Section 5.24 Changed Circumstances. Notwithstanding any other provision of this Agreement, in the event that:

(a) on any date on which the LIBOR Rate otherwise would be set the Agent shall have determined in good faith (which determination shall be final and conclusive, unless not made in good faith) that adequate and fair means do not exist for ascertaining the LIBOR Rate, or

(b) at any time the Agent or any Lender shall have determined in good faith (which determination shall be final and conclusive, unless not made in good faith, and, if made by any Lender, shall have been communicated to the Agent in writing) that:

(i) the making or continuation of or conversion of any Loan to a LIBOR Rate Loan has been made impracticable or unlawful by (A) the occurrence of a contingency that materially and adversely affects the interbank Eurodollar market, or (B) compliance by the Agent or such Lender in good faith with any applicable Law or governmental regulation, guideline or order or interpretation or change thereof by any Governmental Authority charged with the interpretation or administration thereof, or with any request or directive of any such Governmental Authority (whether or not having the force of Law); or

(ii) the LIBOR Rate no longer shall represent the effective cost to the Agent or such Lender for Dollar deposits in the interbank market for deposits in which it regularly participates;

then, and in any such event, the Agent promptly shall notify TIMET thereof. Until the Agent notifies TIMET that the circumstances giving rise to such notice no longer apply, the obligation of the Lenders to allow selection by TIMET of the type of Loan affected by the contingencies described in this Section 5.24 of this Agreement shall be suspended. If at the time TIMET receives a notice from the Agent pursuant to the preceding sentence TIMET previously has given the Agent a Notice of Borrowing or Conversion with respect to one or more affected Loans, but such Loans have not yet been made, such notification shall be deemed to be a request for Base Rate Loans.

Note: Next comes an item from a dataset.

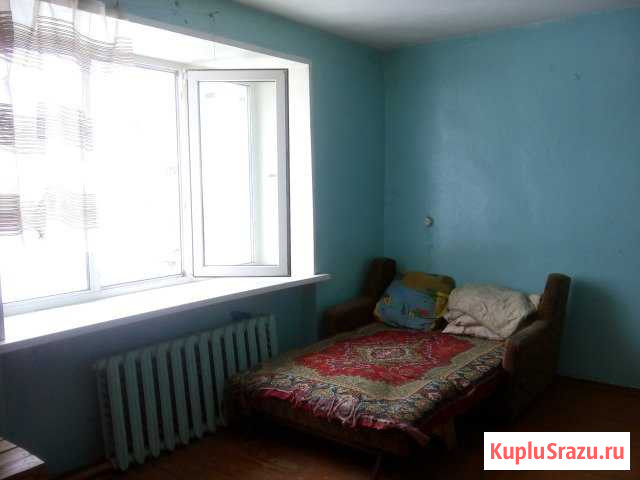  Память Парижской Коммуны - изображение 1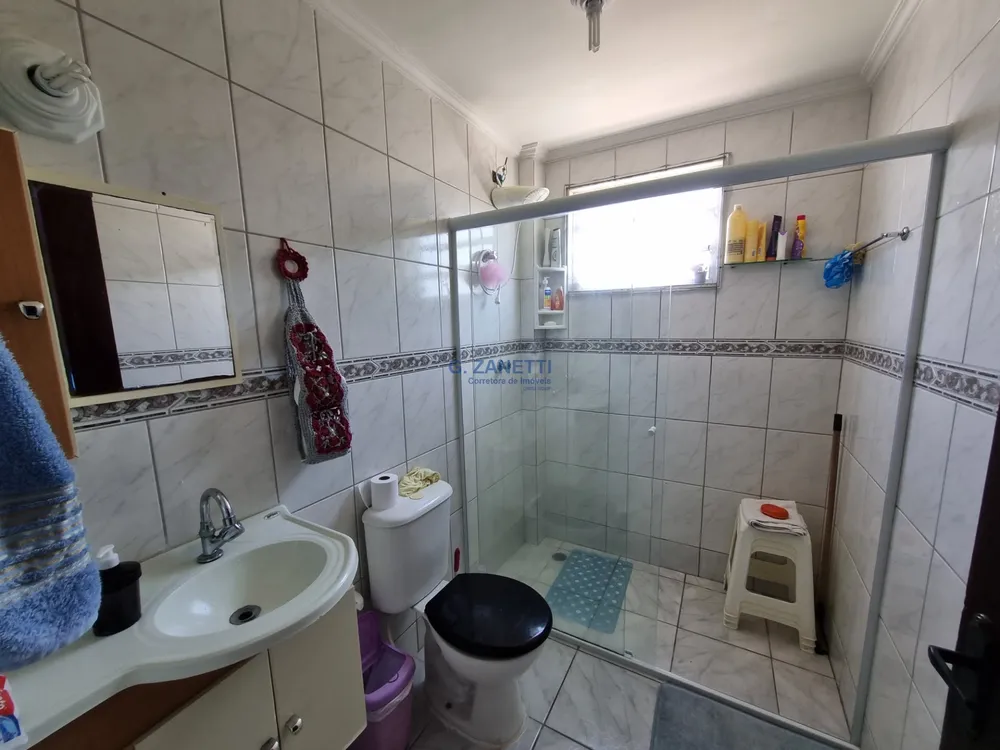 Apartamento, 2 quartos, 70 m² - Foto 11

Section 5.25 Prepayment Due to Illegality. In the event of a determination of illegality pursuant to Section 5.24 above, TIMET shall, with respect to the outstanding affected Loans, prepay the same, together with interest thereon and any amounts required to be paid pursuant to Section 5.23 of this Agreement, on such date as shall be specified in the Agent’s notice to TIMET (which shall not be earlier than the date such notice is given) and may, subject to the conditions of this Agreement, obtain a Base Rate Loan in accordance with this Agreement by giving a Notice of Borrowing or Conversion pursuant to Section 5.13 of this Agreement.

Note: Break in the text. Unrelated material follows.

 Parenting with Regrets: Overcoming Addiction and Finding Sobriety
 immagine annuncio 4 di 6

Section 5.26 Mitigation. Each Lender agrees that as promptly as practicable after it becomes aware of the occurrence or existence of an event that would give rise to a claim of illegality, impracticality, or increased cost under Section 5.24 of this Agreement, the Lender shall use reasonable efforts to make, fund, or maintain the affected Loan (or relevant part thereof) through another lending or booking office if that action shall avoid such illegality or impracticality, or materially reduce the additional cost to TIMET.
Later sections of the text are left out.